A girl named Sheeta falls from the sky, pursued by pirates on the one hand and the military on the other. They want the mysterious blue gem she wears around her neck—after all, it’s the reason she can fall from the sky and live. She’s found by a boy named Pazu; Pazu works in the local mines, but dreams of flying and discovering Laputa, the fabled city in the sky that his father claimed to have seen. He’s smitten with Sheeta and tries to help her run away—but after successfully eluding the pirates, Sheeta is recaptured by the military.
Sheeta turns out to be a member of the Laputan royal family, and her gem is the secret to finding the floating city.1 She’s the captive of Muska, an ambiguous figure who does not seem to answer to anybody, not even the military official who seems to be the official head of the mission to find Laputa. Muska threatens Pazu unless Sheeta cooperates. She agrees, but while Pazu is off recruiting the pirates to their side, she idly activates the stone and ends up summoning a Laputan robot. The robot rescues Sheeta, who reunites with Pazu, but in the chaos she leaves the stone behind.
Eventually, all the main parties end up at Laputa. Muska reveals that he, too, is a descendant of the royal family. He intends to use Laputa to rule the world. Sheeta and Pazu decide to destroy themselves, along with the stone, to stop him. However, they live, leave Laputa, and fly off together into the sunset.
I’m pretty sure Castle in the Sky was the first Ghibli movie I ever watched on purpose.2 In terms of the Ghibli movies that are truly for children, like My Neighbor Totoro and Kiki’s Delivery Service, it might be my favorite, though it’s hard to choose. Like Castle of Cagliostro, which it’s almost a soft remake of, Castle in the Sky is a solid beginning-to-end adventure story, with an exciting story, a great score from Joe Hisaishi, lovable heroes, and genuinely scary bad guy.
It’s also a little overlooked—probably because it is such a traditional and well-made children’s story. Unlike Miyazaki’s movies for adults, it’s not offering anything you simply do not see in an American animated movie. Unlike Totoro or Kiki, it’s a pretty traditionally plotted movie, complete with a traditional villain. In terms of its content and its structure, there’s no reason Castle in the Sky couldn’t be a Disney movie. It even has clear Disney-style comic relief characters with the pirates.3 It’s not a Disney movie, of course, and Disney would never make this movie,4 but Castle in the Sky doesn’t have that “only in anime” factor and I don’t see people talk about it much.5
Rewatching it, what I notice is that Miyazaki refines the stories, concerns, and even the visuals of both The Castle of Cagliostro and Nausicaä throughout this movie.

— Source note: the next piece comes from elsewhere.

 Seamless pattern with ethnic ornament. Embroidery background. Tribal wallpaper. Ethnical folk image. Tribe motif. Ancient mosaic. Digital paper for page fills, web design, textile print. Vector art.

His next movie will be Totoro, and Totoro is going to be about different things, but here he remains preoccupied with history, technology, and environmental devastation. Castle in the Sky does a lot of exposition through its backgrounds, which make it extremely clear that this world has been through cataclysmic events. The countryside around Pazu’s town is pitted with giant craters from long-ago bombs, and when we see the world from space at the very end, it’s clear that much of it has disappeared into the ocean. There are fears voiced at the beginning that the mine on which Pazu’s town depends may have finally been exhausted. Pazu lives in what is essentially a cozy ruin.
The ways in which Castle in the Sky refines Miyazaki’s previous work shows up in small ways: the glimpse of Sheeta in the warship is similar to the glimpse of the princess in the warship in Nausicaä. The crystal here is similar to the pedant in Nausicaä. The robots look a bit like the God Warriors.… and so on. Like Clarisse in Cagliostro, Sheeta has inherited a bloodstained, ruined, yet beautiful legacy that is revealed by jewelry passed down through her family.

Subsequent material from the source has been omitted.